Fine-tuning the Model

It is recommended to use a CPU with high single-core performance for fine-tuning. Otherwise, there may be a CPU bottleneck (cause not yet identified — PRs to fix are welcome).

Before You Begin — Environment Setup

It's simple, don't worry.

bash

git clone https://github.com/qqqqqf-q/Qing-Digital-Self.git --depth 1

Or use a mirror (China mainland acceleration):

bash

git clone https://hk.gh-proxy.com/https://github.com/qqqqqf-q/Qing-Digital-Self.git  --depth 1

Configure the Environment

bash

python3 environment/setup_env.py --install

Just follow the default process. Installation includes built-in checks. You can also use:

bash

python3 environment/setup_env.py --check

To check the environment.

If you encounter issues with Unsloth installation, please install it manually. First run the following command:

bash

wget -qO- https://raw.githubusercontent.com/unslothai/unsloth/main/unsloth/_auto_install.py | python -

It will output a pip command — copy it and run it in your shell. For example:

bash

pip install --upgrade pip && pip install "unsloth[cu126-ampere-torch270] @ git+https://github.com/unslothai/unsloth.git"

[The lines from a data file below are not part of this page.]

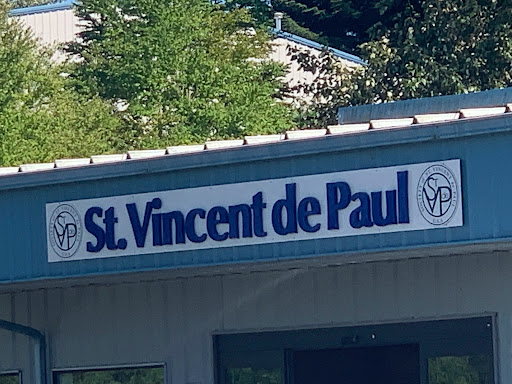 Thrift Store «St. Vincent de Paul Society», reviews and photos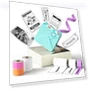 Mini Smartphone Thermal Printer — Dot Matrix, Phomemo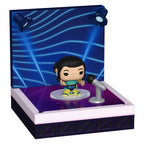 Product image KPop Demon Hunters - Zoey Funko Bitty Pop Stage Diorama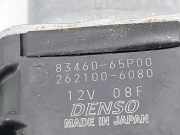 Fensterheber Links Vorne 8346065P00 Suzuki Ignis (MF) Schrägheck 5-drs 1.2 Dual Jet 16V Smart Hybrid (K12D) 2023-04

If you encounter issues with flash attention installation, You can try visiting this GitHub repository To find the offline installation package you need (this doesn't require compilation and will be much faster). Commands are similar to:

bash

wget https://github.com/Dao-AILab/flash-attention/releases/download/v2.8.3/flash_attn-2.8.3+cu12torch2.4cxx11abiTRUE-cp312-cp312-linux_x86_64.whl'

pip install flash_attn-2.8.3+cu12torch2.4cxx11abiTRUE-cp312-cp312-linux_x86_64.whl

Now the Actual Fine-tuning

Parameters can actually be left empty during testing, as defaults are provided. By default, it seems to use 8-bit quantization (this needs modification).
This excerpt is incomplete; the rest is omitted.